Current evidence shows that giant cell arteritis (GCA) is much more than a cranial disease, as it has a much broader and heterogeneous clinical spectrum than previously thought. Generally, it exhibits a typical clinical picture consisting of classic cranial ischemic manifestations but sometimes prevail non-specific clinical features related to the general inflammatory state (occult systemic GCA presenting as fever of unknown origin and/or constitutional symptoms) or the extracranial large-vessel (LV) involvement (aorta, supra-aortic trunks, and large peripheral arteries) [1,2,3]. There has been an increasing knowledge of the occurrence of the disease without the typical cranial symptoms [1,2,3,4,5,6] and its close relationship and overlap with polymyalgia rheumatica (PMR), which may also be the only clinical presentation of vasculitis [7, 8]. This evidence has led to the emerging view that these diseases should be approached as linked conditions, unified under the term GCA–PMR spectrum disease (GPSD) [9].

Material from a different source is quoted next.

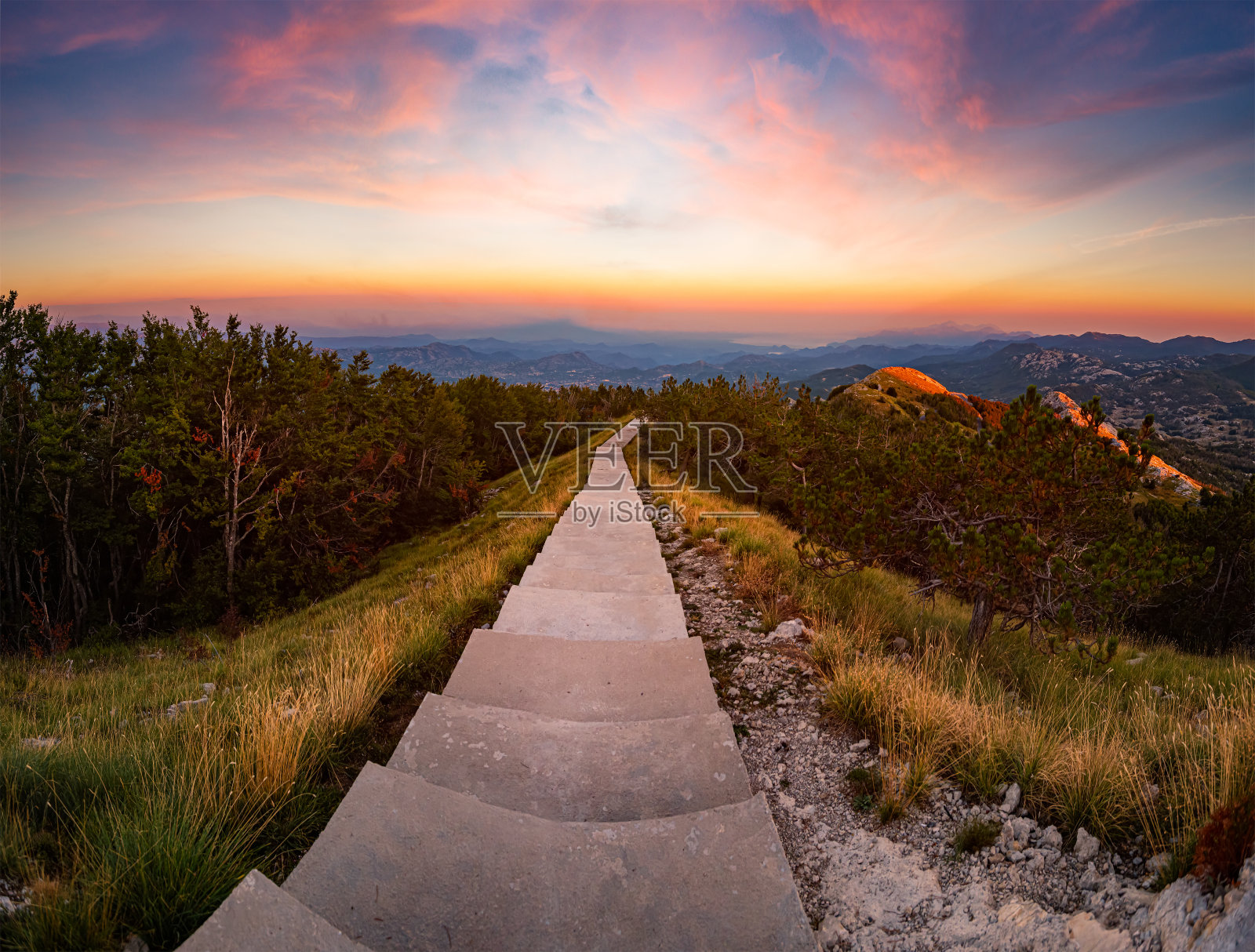 欧洲黑山洛芬山的恩杰戈斯陵墓的日落景象。照片摄影图片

Every effort should be made to confirm a suspected diagnosis of GCA. According to the 2018 update of the EULAR recommendations for the management of LV vasculitis, objective confirmation of the presence of vasculitis should always be obtained by imaging, with color Doppler ultrasound (CDUS) of the temporal arteries being the most commonly used imaging method, or histology (temporal artery biopsy [TAB]) [10, 11].

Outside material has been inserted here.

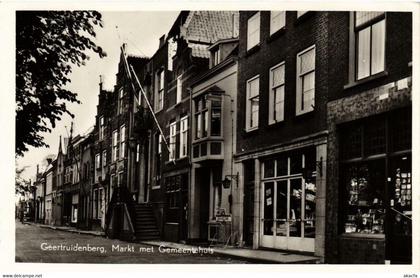 CPA AK Geertruidenberg Markt met Gemeentehuis NETHERLANDS (728538)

However, in clinical practice, it is not uncommon to encounter patients with negative cranial studies, and this subgroup remains the most challenging to diagnosis. Therefore, for patients with suspected GCA and a negative TAB or CDUS of the temporal arteries, the latest ACR guidelines recommend noninvasive vascular imaging of the large vessels in tandem with clinical assessment to aid in diagnosis versus clinical assessment alone [12]. Potential diagnostic imaging modalities include magnetic resonance imaging (MRI) or computed tomography (CT) angiography of the neck/chest/abdomen/pelvis and 18F-fluorodeoxyglucose positron emission tomography/computed tomography (18F-FDG PET-CT). In the 2023 update of the EULAR recommendations for the use of imaging in LV vasculitis in clinical practice [13], FDG-PET is prioritized for the detection of mural inflammation or luminal changes of extracranial arteries in patients with suspected GCA (alternatively MRI or CT).

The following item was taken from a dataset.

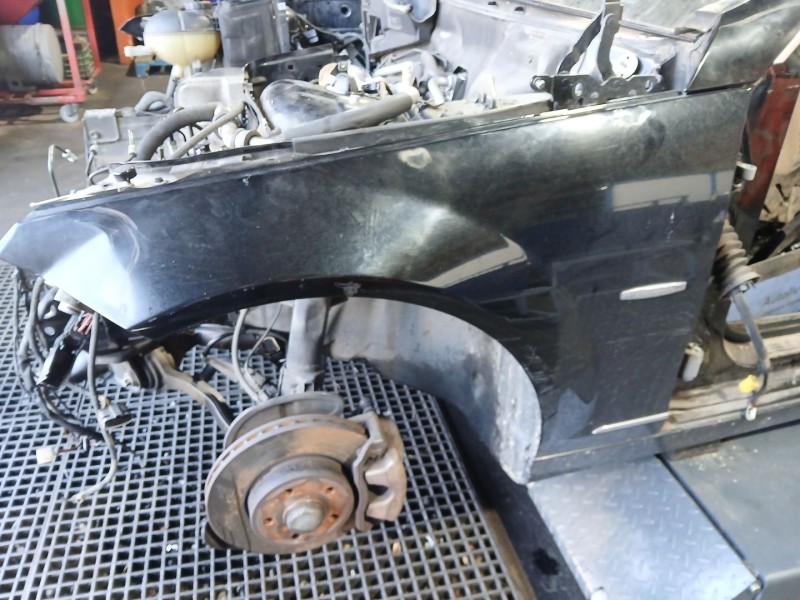 Recambio de aleta delantera izquierda para mercedes-benz clase c (w204) c 220 cdi (204.008) referencia OEM IAM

In the present study, we review the usefulness of 18F-FDG PET-CT in routine clinical care as an aid to confirm the diagnosis in patients with suspected GCA and negative TAB, by demonstrating aortic and/or LV involvement.

Methods

Study population

The study was performed under routine clinical practice conditions. We retrospectively reviewed our hospital databases to identify all patients with suspected GCA and negative TAB who underwent an 18F-FDG PET-CT to try to confirm the diagnosis between January 2005 and January 2022.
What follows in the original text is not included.